In facsimile applications it is preferable to measure the durations of the black level portions of the signal because short duration white to black and return to white transitions occur much more frequently in printed copy documents than short duration transitions from black to white and return to black. It is recognized, however, that in other applications the reverse might be true or that it makes no real difference so that the broadest aspects of this invention apply to either type of system.

Returning again to FIG. 1 for a description of how the system operates to provide the biternary signal, the two level automatic threshold circuit signal is applied to the timing circuit 52 and a differentiator 54 forming the input of the high frequency detector 34. The timing circuit 52 is a ramp generator which produces a signal such as waveform B in FIG. 3 with ramps 56 generated during each black level portion of the input signal. The ramp form signal is applied to a sample and hold circuit 58 which, whenever the ramp exceeds a predetermined hold level, causes its output signal level to go from a "0" level to a "1" level as indicated by waveform C of FIG. 3. The sample and hold circuit 58 stays at the "1" level until the end of the next following white level portion as determined by the low going pulses 59 in the output signal of the differentiator 54 represented by waveform D of FIG. 3. Whenever the time duration of a black level portion of signal A is shorter than the predetermined time as referenced at 44 in FIG. 3, the corresponding ramp 60 in the timing signal B does not reach the hold level and therefore the sample and hold signal C does not switch to its "1" level, but remains at the "O" level as indicated at reference 62 in waveform C.
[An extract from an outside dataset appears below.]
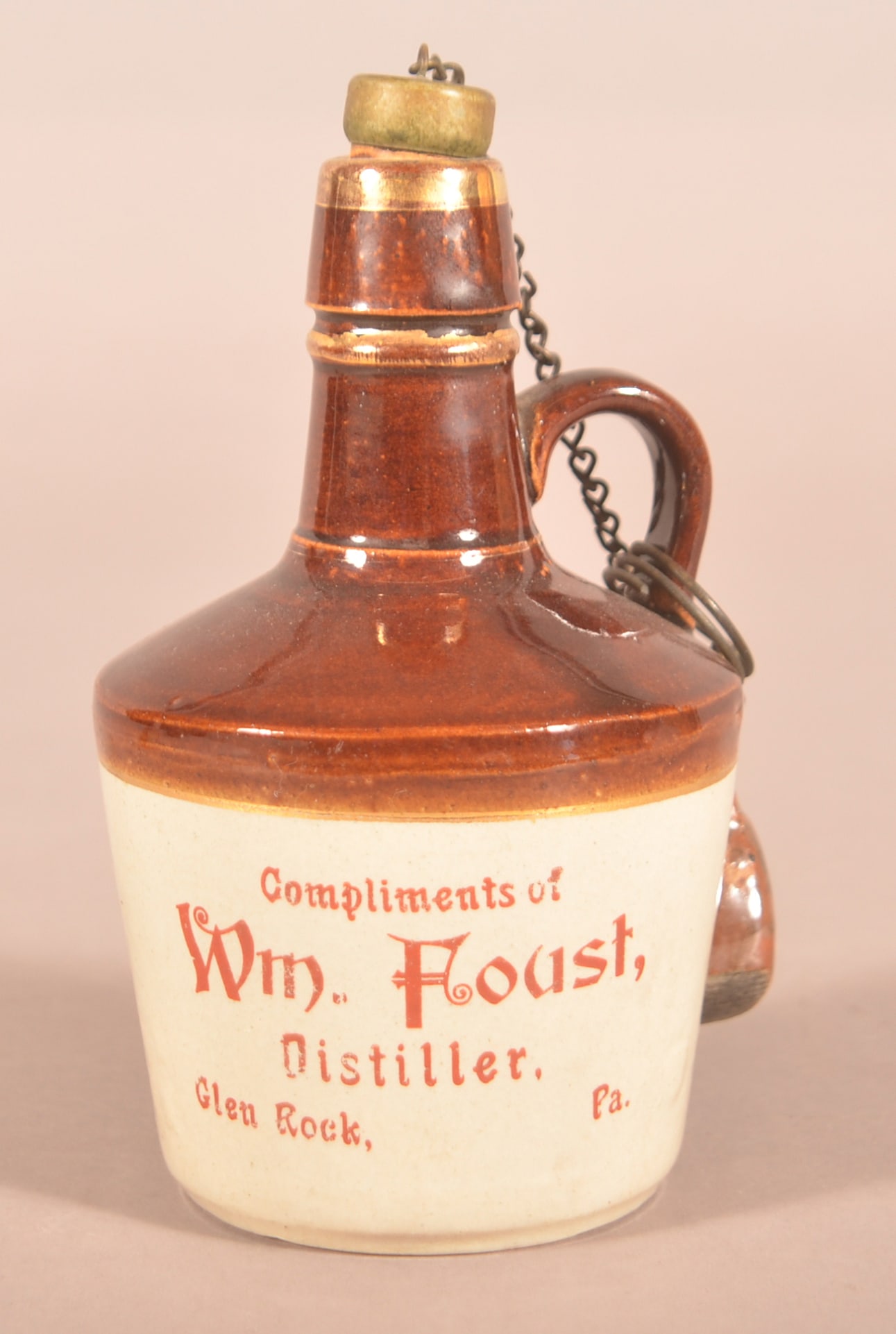Wm. Foust 2-Tone Stoneware Miniature Jug. (1 of 3)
The sample and hold waveform signal C is supplied to one input of a NOR-gate 64. The other input to gate 64 is connected to an inverter 66 which passes in inverted form the high going pulses 68 of the differentiator 54. These low going pulses 70, as shown in waveform E of FIG. 3, represent the leading edge of each white level portion of the data signal. As may be seen in waveform F of FIG. 3, which is the inverse of the output of NOR-gate 64 caused by inverter 67, the "1" condition of the sample and hold signal C acts as an inhibit to the passage of the white level leading edge pulses from the inverter 66. Thus, only when the sample and hold circuit establishes that a black level is shorter than the predetermined time duration and stays at its "O" level is the NOR-gate 64 enable to pass the white level leading edge pulses 70 to the output of the high frequency detector 34. These output pulses 70 are applied to the flip-flop 36 which is caused to change state with the receipt of each negative going pulse at its input in a normal manner. It therefore produces a signal such as waveform G in FIG. 3 which it provides to the two level to three level converter 38. A sync pulse, which is generated at the beginning of each line of scan is applied to the reset terminal of the flip-flop so that it starts in the same state for each line.
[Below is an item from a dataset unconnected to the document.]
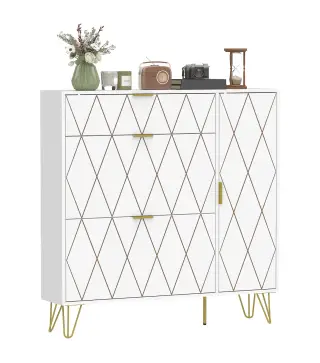 Mueble Zapatero Moderno con 2 Cajones Abatibles Armario y Estantes Ajustables para 10-14 Pares de Zapatos Blanco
The two level to three level converter 38 is also in receipt of the automatic threshold circuit signal (waveform A). It functions to provide at its output a "O" level a "1" level or a "2" level signal determined by the particular states of its input from the automatic threshold circuit 32 and the flip-flop 36. The following table shows the input/output functions of the converter for each representative condition of its two inputs, and a study of it along with waveforms A, G and H will give an understanding of the generation of biternary output signal H based on the status of the input data signal and the flip-flop 36. ##SPC1##

The resultant signal H which is passed through the low pass filter 18 and caused to modulate a carrier signal in modulator 20 is transmitted over the data channel to a receiver 12. The received modulated carrier signal is delay equalized in circuit 22 and demodulated in circuit 24 in a well known manner to obtain at the input to the full wave rectifier 26 a signal resembling the biternary signal H of FIG. 3. The rectifier 26 is set to operate about the intermediate or "1" level of the waveform H so that the signal at its output as represented by waveform I is a two level signal in which the "O" level is representative of black copy density and the "1" level is representative of white copy density which, as will be seen, is a reproduction of the waveform A present at the output of the transmitter automatic threshold circuit. In the particular embodiment shown and described, the rectifier signal must be inverted in order for the facsimile recorder 30 to cause a mark on the recording media during the black level portions of the signal and refrain from making a mark during the white level portions of the signal.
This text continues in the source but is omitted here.